Così è anche stavolta.
Che senso ha annunciare la Grande Riforma, in campagna elettorale come pure da un anno e mezzo a questa parte, e poi partorire topolini innoqui almeno quanto velenosi.
Di fatto, norme come il Lodo Alfano o la cosiddetta “aggiusta processi” di cui si parlava ad inizio legislatura non hanno prodotto alcun effetto in virtù degli interventi della Corte Costituzionale o di veri e propri dietro front politici sul tema, ma hanno comunque contribuito ad invelenire il clima tra gli schieramenti e in seno alla stessa opinione pubblica, col risultato che oggi c’è addirittura chi parla di “emergenza democratica” nel modo meno opportuno che si possa immaginare e, soprattutto, senza che sia manco stato intaccato il cancro che affligge il nostro sistema giudiziario.
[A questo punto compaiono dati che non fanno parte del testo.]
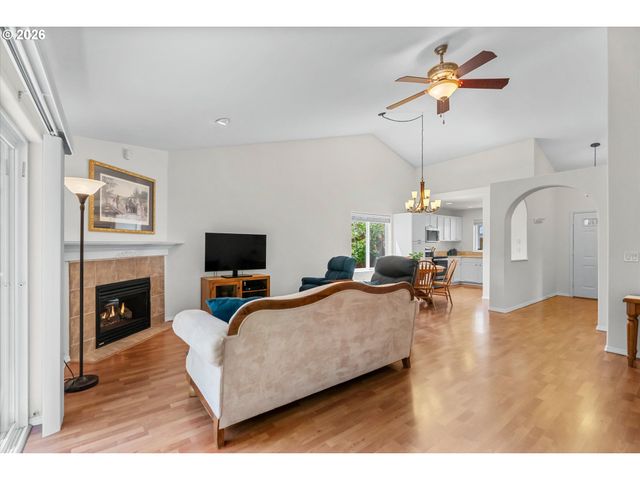 5769 Se RANCHO St, Hillsboro, OR 97123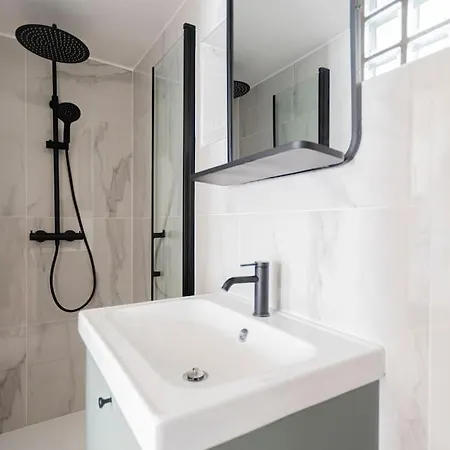 Superb And Design Near The Eiffel Tower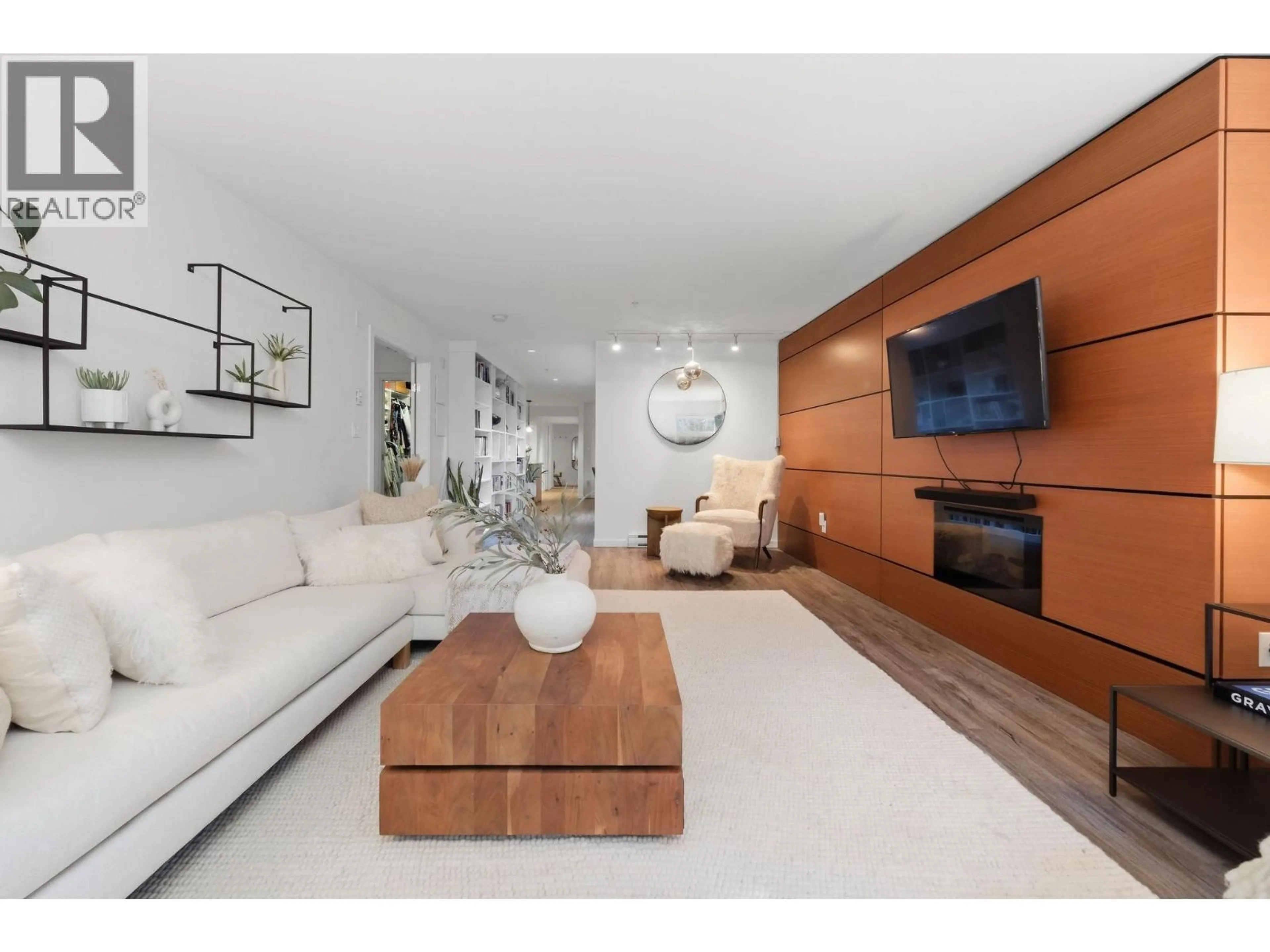 Living room with furniture, wood/laminate floor for 105 - 2832 CAPILANO ROAD, North Vancouver British Columbia V7R4H5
Oggi il teatrino prevede in scena lo stesso copione: una norma, quella sul “processo breve”, che del tutto decontestualizzata come si presenta fa giustamente drizzare le orecchie a chi vede buio sempre e comunque e impedisce in concreto qualunque confronto.
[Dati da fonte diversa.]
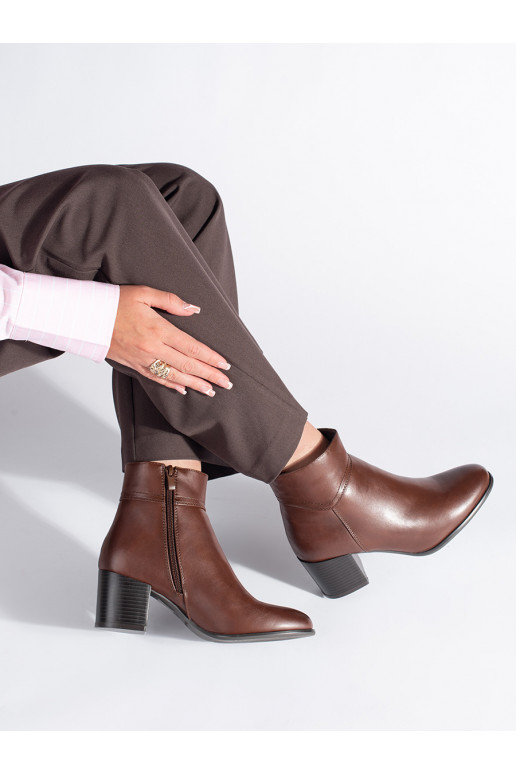 brūnas krāsas  Sergio Leone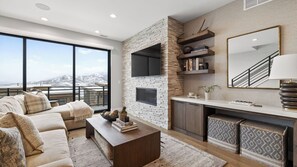 House (3 Bedrooms) | Interior - Apex Ridge Retreat by Avantstay Private Hot Tub + Fireplace + Mountain Views + Near Deer Valley East (Kamas)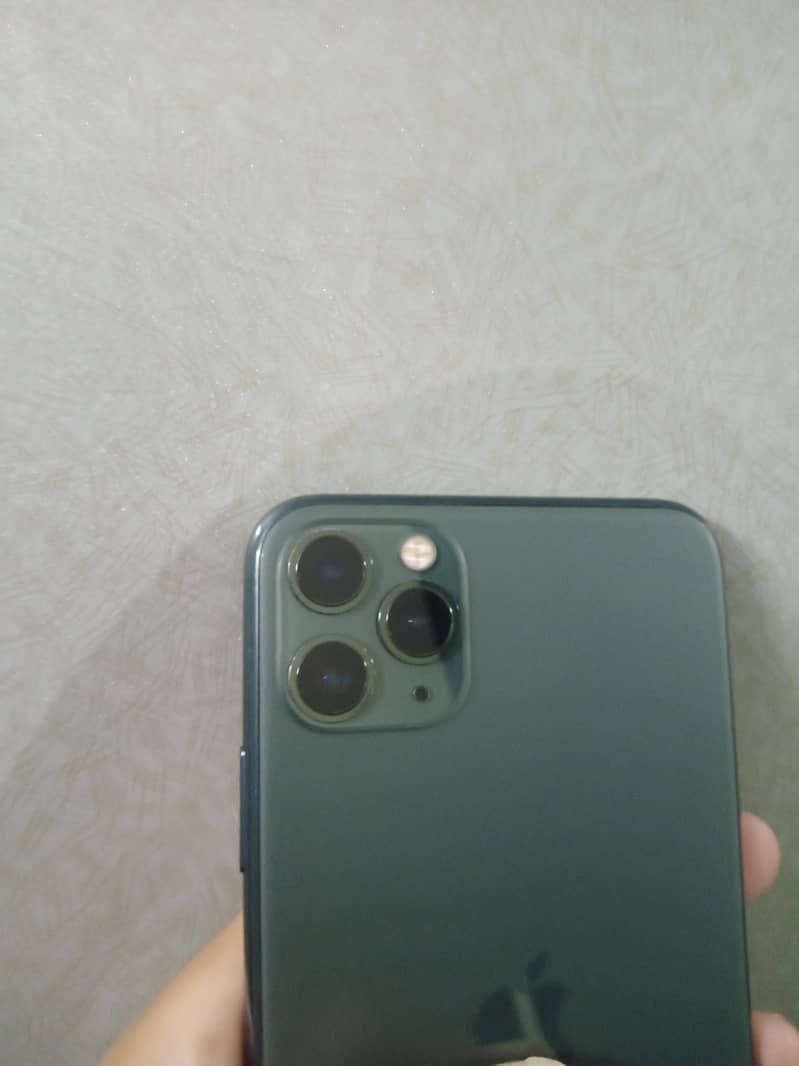 Apple iPhone 11 Pro Max 4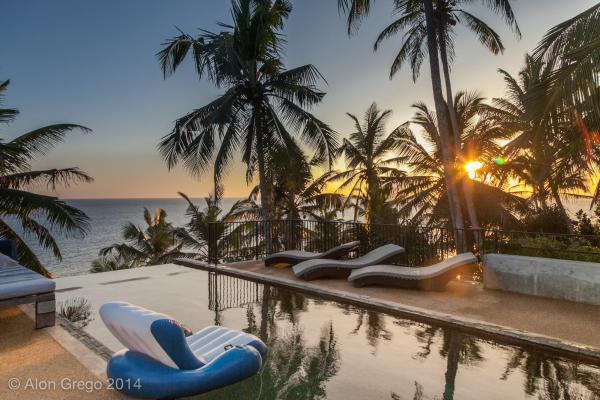 Nisala Suites, Rezervați Hotel Hoteluri în Walgama cu piscină, Piscină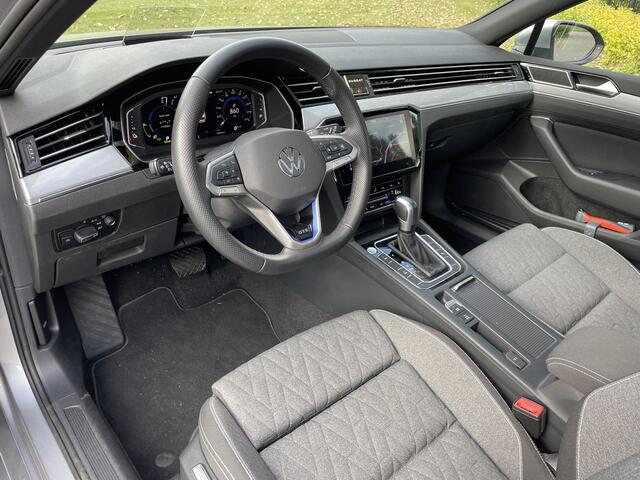 Volkswagen PASSAT Variant 1.4 TSI PHEV 218pk GTE Business DSG / Panoramadak / Head-up Display / Camera / Stoelverwarming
L’Italia non ha bisogno di leggi così “personalizzate”, ma di una seria Rivoluzione che riguardi in generale la Giustizia e ne tocchi i singoli problemi sdradicandoli alla radice e non invece come si vorrebbe fare ora potandoli di qualche rametto rinsecchitto (sempre ammesso che poi non arrivi l’ennesima ghigliottina Costituzionale…)!

Berlusconi aveva detto che avrebbe fatto vedere a tutti come si sarebbe difeso. Nelle aule di tribunale, però.
Lasci perdere quelle parlamentari…che manco gli portano granchè bene!